Remark: As for the number of process (n_procs), the expected time specified in SMGR xml file dominates over those specified in run.cfg files.

SLURM batch options

SLURM batch files are automatically generated in the folder slurm_files in destination. The following file is an example of a SLURM file used with the SLURM batch mode.

#!/bin/sh
#SBATCH --ntasks=1
#SBATCH --time=0:12:00
#SBATCH --output=vnv_6
#SBATCH --error=vnv_6
#SBATCH --job-name=saturne_vnv_6
  • ntasks : number of processes required for the computation.
    • All cases are automatically sorted by number of required processes so that the number of tasks per batch is the same.
  • time : sum of the computation times of the cases in the batch

Batch cases which require 6 or more processes will be executed in exclusive mode (i.e. no other submission will run on the node).

Additional SLURM batch parameters can be also specified at run time using the --slurm-batch-arg option. This option only takes into account one argument at a time. For example, to add the "exclusive" and send an e-mail notification use the following command-line option: --slurm-batch-arg=--exclusive --slurm-batch-arg=--mail-user=name.last@email.com

Warning
For EDF users, the wckey argument should be defined. It can be done by either using --slurm-batch-arg=--wckey=<key> during run time, or by setting an environment variable with the following command: export SBATCH_WCKEY=<key>.

All ouput and error files are also in the folder slurm_files in destination.

Dependency between cases

Job-dependencies are defined automatically such that blocks of dependency level M will wait until all required blocks of level M-1 are successfully finished.

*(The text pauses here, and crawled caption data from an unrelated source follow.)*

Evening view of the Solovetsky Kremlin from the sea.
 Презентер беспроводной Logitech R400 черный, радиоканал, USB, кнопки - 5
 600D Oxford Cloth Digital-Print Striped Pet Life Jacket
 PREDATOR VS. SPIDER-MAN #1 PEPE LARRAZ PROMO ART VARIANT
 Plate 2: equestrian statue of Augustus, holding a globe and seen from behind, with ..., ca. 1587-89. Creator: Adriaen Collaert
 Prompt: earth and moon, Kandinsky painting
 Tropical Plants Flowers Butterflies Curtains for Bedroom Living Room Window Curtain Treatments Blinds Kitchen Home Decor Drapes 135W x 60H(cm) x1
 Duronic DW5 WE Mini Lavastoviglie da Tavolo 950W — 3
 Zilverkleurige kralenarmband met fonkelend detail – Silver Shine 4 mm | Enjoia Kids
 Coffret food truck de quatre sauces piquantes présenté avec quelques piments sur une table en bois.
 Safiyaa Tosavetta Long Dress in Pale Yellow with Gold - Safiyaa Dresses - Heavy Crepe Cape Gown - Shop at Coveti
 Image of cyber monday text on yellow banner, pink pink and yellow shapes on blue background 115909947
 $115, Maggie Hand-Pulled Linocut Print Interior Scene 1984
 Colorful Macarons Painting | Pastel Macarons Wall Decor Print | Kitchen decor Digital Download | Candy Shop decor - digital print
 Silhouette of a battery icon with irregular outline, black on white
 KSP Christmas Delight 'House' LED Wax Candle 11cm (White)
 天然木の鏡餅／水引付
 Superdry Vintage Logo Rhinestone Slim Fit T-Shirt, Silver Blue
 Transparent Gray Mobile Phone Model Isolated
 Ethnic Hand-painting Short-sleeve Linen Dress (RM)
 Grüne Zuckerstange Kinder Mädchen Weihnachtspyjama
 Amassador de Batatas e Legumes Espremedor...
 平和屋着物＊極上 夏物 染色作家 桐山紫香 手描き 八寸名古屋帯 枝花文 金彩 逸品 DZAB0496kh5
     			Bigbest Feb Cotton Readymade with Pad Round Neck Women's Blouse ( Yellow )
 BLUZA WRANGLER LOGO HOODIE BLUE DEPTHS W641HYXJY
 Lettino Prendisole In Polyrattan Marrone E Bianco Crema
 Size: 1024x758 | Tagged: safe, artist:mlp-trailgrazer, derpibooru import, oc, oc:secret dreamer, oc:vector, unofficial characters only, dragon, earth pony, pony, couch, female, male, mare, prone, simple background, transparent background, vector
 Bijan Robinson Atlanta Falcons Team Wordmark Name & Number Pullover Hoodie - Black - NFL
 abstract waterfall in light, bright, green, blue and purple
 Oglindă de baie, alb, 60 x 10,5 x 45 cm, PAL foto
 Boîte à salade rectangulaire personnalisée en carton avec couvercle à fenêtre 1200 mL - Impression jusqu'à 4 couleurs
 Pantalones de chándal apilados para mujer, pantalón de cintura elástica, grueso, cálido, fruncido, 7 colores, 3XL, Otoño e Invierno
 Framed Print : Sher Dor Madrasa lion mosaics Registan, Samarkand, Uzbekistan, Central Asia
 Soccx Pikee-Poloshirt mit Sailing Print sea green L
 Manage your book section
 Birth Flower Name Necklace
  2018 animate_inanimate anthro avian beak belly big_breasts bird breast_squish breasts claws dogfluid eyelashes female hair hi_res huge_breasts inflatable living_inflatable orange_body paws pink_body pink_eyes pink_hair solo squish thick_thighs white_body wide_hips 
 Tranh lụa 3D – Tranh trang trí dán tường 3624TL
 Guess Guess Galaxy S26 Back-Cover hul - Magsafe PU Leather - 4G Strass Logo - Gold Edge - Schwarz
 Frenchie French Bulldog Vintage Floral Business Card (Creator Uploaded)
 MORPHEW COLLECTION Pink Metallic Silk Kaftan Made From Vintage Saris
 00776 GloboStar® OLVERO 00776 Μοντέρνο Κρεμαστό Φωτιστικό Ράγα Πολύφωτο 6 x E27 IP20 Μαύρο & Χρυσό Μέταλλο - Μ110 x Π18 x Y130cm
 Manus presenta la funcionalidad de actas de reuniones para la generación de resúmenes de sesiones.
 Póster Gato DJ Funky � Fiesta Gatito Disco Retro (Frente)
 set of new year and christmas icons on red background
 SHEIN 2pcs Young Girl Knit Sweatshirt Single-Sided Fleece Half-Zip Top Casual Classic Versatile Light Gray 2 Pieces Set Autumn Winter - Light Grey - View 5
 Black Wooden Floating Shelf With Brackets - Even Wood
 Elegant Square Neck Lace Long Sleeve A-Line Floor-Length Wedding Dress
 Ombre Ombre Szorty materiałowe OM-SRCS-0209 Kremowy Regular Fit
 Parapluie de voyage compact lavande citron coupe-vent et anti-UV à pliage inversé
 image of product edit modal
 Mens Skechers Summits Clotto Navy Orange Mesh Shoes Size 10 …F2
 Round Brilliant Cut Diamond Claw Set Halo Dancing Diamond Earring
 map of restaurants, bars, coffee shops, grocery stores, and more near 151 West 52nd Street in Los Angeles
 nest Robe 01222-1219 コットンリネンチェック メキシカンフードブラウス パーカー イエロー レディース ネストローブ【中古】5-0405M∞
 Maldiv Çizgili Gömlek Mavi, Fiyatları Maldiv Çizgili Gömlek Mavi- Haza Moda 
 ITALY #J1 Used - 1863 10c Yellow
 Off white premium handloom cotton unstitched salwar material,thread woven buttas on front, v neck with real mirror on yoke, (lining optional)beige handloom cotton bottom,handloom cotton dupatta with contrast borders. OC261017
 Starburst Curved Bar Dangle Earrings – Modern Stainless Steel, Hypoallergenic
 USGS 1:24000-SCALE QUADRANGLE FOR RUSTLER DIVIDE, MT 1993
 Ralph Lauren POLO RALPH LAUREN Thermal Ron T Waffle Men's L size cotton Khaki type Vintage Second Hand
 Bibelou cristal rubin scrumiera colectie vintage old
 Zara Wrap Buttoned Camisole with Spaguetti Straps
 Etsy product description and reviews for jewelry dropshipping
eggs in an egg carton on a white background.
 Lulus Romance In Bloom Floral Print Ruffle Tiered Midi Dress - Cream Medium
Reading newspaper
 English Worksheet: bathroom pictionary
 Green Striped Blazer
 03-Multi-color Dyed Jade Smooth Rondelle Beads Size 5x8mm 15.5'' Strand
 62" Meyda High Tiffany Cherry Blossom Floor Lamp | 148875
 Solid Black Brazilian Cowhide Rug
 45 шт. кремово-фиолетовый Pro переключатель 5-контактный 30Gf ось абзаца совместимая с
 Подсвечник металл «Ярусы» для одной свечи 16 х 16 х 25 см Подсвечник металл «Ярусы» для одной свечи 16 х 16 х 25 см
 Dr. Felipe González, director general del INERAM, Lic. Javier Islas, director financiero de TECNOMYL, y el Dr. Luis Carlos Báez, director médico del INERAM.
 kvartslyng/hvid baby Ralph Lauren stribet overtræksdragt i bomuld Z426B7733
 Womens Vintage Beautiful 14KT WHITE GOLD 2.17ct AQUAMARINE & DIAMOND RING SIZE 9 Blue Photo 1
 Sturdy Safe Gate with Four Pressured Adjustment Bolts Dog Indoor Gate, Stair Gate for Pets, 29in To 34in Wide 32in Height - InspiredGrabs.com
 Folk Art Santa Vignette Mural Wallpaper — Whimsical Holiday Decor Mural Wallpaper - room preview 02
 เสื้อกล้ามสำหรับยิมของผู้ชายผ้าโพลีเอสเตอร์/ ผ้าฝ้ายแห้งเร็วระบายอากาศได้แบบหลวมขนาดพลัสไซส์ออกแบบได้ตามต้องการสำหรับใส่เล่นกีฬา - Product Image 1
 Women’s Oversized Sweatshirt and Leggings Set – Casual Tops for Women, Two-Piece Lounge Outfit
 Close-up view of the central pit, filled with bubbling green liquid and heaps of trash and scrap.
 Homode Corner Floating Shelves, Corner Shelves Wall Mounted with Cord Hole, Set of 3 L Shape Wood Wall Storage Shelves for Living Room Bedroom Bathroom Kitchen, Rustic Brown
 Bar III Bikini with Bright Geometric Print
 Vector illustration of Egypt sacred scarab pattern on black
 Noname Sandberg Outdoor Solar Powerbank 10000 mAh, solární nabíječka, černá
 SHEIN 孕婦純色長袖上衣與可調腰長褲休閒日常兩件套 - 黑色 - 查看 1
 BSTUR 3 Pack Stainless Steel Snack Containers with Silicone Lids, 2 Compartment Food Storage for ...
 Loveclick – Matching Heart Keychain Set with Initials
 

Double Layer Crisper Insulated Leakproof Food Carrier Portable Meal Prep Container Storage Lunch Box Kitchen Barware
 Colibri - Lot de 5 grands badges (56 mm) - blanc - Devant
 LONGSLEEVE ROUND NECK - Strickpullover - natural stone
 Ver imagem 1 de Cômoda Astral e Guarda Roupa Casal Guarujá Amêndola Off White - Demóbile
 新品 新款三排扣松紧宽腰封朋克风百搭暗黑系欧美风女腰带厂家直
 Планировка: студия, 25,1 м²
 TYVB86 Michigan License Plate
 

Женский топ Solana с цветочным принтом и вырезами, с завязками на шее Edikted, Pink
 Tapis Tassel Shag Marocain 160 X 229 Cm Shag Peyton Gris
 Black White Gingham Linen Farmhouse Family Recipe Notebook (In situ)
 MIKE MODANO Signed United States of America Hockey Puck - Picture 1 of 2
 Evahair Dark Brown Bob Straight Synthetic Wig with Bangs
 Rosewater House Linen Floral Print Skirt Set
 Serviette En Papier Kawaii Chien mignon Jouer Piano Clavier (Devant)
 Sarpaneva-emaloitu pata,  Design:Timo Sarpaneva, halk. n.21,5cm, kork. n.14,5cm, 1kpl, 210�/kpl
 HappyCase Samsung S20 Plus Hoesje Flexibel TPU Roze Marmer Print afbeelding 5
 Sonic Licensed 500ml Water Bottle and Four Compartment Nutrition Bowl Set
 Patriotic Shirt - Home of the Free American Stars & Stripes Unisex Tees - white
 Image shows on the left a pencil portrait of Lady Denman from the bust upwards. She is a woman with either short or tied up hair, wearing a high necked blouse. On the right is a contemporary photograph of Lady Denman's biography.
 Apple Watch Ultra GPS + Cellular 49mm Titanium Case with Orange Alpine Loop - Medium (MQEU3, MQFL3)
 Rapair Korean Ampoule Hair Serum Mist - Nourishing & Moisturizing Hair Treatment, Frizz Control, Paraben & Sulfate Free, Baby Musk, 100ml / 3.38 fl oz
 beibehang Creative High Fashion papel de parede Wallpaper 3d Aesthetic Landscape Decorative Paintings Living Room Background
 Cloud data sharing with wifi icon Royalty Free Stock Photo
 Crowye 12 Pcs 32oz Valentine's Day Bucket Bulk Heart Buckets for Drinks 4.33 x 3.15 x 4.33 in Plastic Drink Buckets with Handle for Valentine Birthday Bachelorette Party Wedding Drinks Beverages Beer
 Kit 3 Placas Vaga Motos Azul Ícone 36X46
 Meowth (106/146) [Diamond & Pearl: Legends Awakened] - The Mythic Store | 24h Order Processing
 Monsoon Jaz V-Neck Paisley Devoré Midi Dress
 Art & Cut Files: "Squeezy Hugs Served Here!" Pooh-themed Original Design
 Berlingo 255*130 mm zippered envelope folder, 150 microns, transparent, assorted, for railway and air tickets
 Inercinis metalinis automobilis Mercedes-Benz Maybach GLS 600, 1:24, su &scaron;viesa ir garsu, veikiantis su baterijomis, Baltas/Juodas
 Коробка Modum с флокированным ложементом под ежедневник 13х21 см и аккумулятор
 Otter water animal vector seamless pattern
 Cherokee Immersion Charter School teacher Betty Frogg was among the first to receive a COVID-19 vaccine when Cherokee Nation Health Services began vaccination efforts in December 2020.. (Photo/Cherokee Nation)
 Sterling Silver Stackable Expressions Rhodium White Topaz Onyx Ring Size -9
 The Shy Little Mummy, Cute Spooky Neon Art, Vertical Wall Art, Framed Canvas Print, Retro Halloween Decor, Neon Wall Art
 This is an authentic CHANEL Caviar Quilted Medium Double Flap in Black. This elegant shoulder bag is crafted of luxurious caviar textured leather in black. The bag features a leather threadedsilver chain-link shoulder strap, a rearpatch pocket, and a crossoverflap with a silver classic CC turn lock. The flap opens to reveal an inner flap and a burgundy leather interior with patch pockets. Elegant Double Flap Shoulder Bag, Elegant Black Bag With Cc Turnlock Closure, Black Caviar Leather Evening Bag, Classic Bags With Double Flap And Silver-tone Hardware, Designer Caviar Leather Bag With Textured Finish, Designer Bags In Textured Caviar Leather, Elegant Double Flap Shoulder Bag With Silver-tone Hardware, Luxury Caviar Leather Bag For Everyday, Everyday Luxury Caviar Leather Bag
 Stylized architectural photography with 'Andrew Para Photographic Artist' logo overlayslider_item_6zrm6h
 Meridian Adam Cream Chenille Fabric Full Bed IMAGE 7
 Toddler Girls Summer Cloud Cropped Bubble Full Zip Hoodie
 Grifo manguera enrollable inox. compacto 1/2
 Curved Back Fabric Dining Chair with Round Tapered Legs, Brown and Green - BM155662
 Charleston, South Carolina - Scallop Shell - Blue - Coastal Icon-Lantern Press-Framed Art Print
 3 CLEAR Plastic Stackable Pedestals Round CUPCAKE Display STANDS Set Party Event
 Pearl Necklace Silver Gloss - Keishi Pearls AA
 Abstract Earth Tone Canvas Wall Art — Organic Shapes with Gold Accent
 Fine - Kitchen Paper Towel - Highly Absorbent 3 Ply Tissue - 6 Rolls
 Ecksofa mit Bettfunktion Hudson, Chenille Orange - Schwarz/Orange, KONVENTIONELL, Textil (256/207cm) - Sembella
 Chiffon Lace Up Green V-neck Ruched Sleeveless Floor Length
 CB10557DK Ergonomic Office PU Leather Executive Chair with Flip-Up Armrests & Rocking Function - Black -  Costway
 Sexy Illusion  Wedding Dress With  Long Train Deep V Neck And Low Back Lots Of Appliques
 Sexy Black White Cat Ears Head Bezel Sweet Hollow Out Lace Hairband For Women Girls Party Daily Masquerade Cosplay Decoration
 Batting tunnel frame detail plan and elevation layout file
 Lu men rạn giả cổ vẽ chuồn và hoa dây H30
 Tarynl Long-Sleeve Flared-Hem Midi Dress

Three methods are available to define a dependency between cases:

  • Set a restart in the data settings of a case using the graphical user interface of code_saturne;
  • Add a restart in parametric options of a SMGR parameter file using -r or --restart argument
    <study label='STUDY' status='on'>
    <case label='CASE1' status='on' compute="on" post="on">
    <parametric args="-r run_id"/>
    </case>
    </study>
  • Add a <depends> node to a case in SMGR parameter file :
    <study label='STUDY' status='on'>
    <case label='CASE1' status='on' compute="on" post="on">
    <depends args="STUDY/CASE/RESU/run_id"/>
    </case>
    </study>

Dependencies defined using a <depends> node have priority over those deduced from parametric arguments. They both have priority over restarts in code_saturne data settings.

In the rare cases where dependencies are not related to restarts, the <depends> approach allow fine-grained control. In other cases, dependencies are deduced from restart definitions, so no additional user settings are needed.

Postprocessing and analysis

The state analysis is automatically added with the slurm batch mode. This final batch will depend on all previous submissions. It can also include postprocessing and comparison steps if these options are activated.

Example

In the following example, a list of 8 cases is launched in SLURM batch mode:

$ code_saturne smgr --submit -rp --slurm-batch-size=2 --slurm-batch-wtime=5
Exemple of cases allocation per batch

Here are some explanations on cases allocation per batch :

  • In level 0, batch 1 is limited by the number of cases with the same number of processes. Batch 2 is limited to one case (CASE1/run3) as the maximum time in this batch would have exceeded 5 hours including the next case (CASE2/run1). Batch 3 only includes the last case at level 0.
  • In level 1, batch 4 is limited by the maximum number of cases per batch (2). Batch 5 only includes the last case at level 1. Batche 4 depends on batch 1 and batch 5 depends on batch 3.
  • In level 2, batch 6 only includes the last case of the level. It depends on batch 6.
  • In level 3, batch 7 includes postprocessing and state analysis. The final batch depends on all cases from all steps.